Um instituto alemão está desenvolvendo um sistema híbrido de telhado que gera eletricidade, calor e refrigeração
Um sistema inovador que combina células solares e tecnologia de resfriamento radiante passivo à luz do dia para aproveitar o calor do sol e o frio do espaço
Olhar rápido
O Instituto de Tecnologia de Karlsruhe desenvolveu um sistema híbrido de telhado que gera eletricidade, calor e fornece resfriamento simultaneamente, usando uma camada de resfriamento transparente que libera calor para o espaço através de uma “janela atmosférica”, permitindo o resfriamento passivo sem consumir energia.
Resumo gerado por IA
Por que é importante
O sistema baseia-se na exploração da “janela atmosférica”, que é uma faixa espectral que permite que o calor seja transferido diretamente da Terra para o espaço sideral.
Um instituto de pesquisa alemão desenvolveu uma tecnologia compacta para telhados que gera eletricidade solar, fornece água quente e refrigeração interna em um sistema integrado. De acordo com o serviço de informação do instituto, o sistema combina células solares, energia fotovoltaica e tecnologia de resfriamento radiativo passivo à luz do dia.
Num comunicado de imprensa emitido pelo Instituto Alemão de Tecnologia de Karlsruhe em 14 de agosto de 2026, um grupo de pesquisa liderado por Gan Huang anunciou o desenvolvimento de um sistema híbrido capaz de gerar eletricidade, calor e resfriamento simultaneamente em uma única superfície, aproveitando o calor do sol e o frio do espaço sideral.
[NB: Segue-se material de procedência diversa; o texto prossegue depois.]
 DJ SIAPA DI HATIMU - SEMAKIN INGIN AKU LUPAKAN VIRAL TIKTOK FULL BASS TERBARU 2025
O sistema conta com uma camada de resfriamento transparente feita de sílica e polidimetilsiloxano. Essa camada permite a passagem da luz enquanto libera calor para o espaço através do que é conhecido como janela atmosférica.
Uma janela atmosférica é um mecanismo físico natural que permite que a superfície da Terra libere seu calor diretamente para o espaço sideral, sem que a atmosfera atrapalhe esse processo. Existe uma certa faixa de comprimentos de onda infravermelhos (entre aproximadamente 8 e 13 micrômetros) em que a atmosfera é muito transparente ao calor e não absorve o calor que emana da superfície. Quando a superfície emite calor dentro dessa faixa, ele passa pela atmosfera e vai diretamente para o espaço, o que leva ao resfriamento natural sem consumir energia ou eletricidade. O calor sai diretamente para o espaço como se houvesse uma “janela aberta” permitindo sua fuga.
A presença de uma camada de resfriamento feita de sílica (com uma substância chamada polidimetilsiloxano) é importante neste sistema híbrido porque é especialmente projetada para liberar calor dentro dessa faixa, permitindo que permaneça fresco durante o dia apesar da presença do sol, e fornece resfriamento natural sem eletricidade, enquanto as células solares abaixo produzem eletricidade e calor.
Cell Reports Physical Science explica que esta camada permite o resfriamento natural sem consumir energia, enquanto uma lente Fresnel concentra a luz solar em um pequeno coletor solar para produzir calor, e há um coletor térmico fotovoltaico para produzir eletricidade.
O protótipo demonstrou a capacidade de atingir um resfriamento que atingiu 6,5 graus Celsius menos que a temperatura do ar ambiente, produzir 60,6 watts/m² de eletricidade e atingir 110,8 graus Celsius de calor.
Ivan Alberto Cruz Garcia, pesquisador do Instituto de Engenharia de Microestruturas, afirma que separar a zona de resfriamento da zona de aquecimento foi o maior desafio.
Gan Huang descreve o sistema como uma combinação de “fogo e gelo”, capturando a luz solar para produzir energia, enquanto emite calor para o espaço para fornecer resfriamento. Ele ressalta que a tecnologia pode ser ideal para aplicações como data centers de inteligência artificial que exigem alta potência e resfriamento contínuo.
O professor Shanhui Fan, da Universidade de Stanford, um dos maiores especialistas em resfriamento radiativo diurno passivo, participou do estudo. O artigo científico confirma que a combinação de sol e espaço abre caminho para o surgimento de uma nova geração de coberturas de edifícios multifuncionais.
Perguntas abertas
- Qual é o custo comercial esperado de fabricação dessas superfícies?
- Quando o sistema estará disponível para uso comercial generalizado?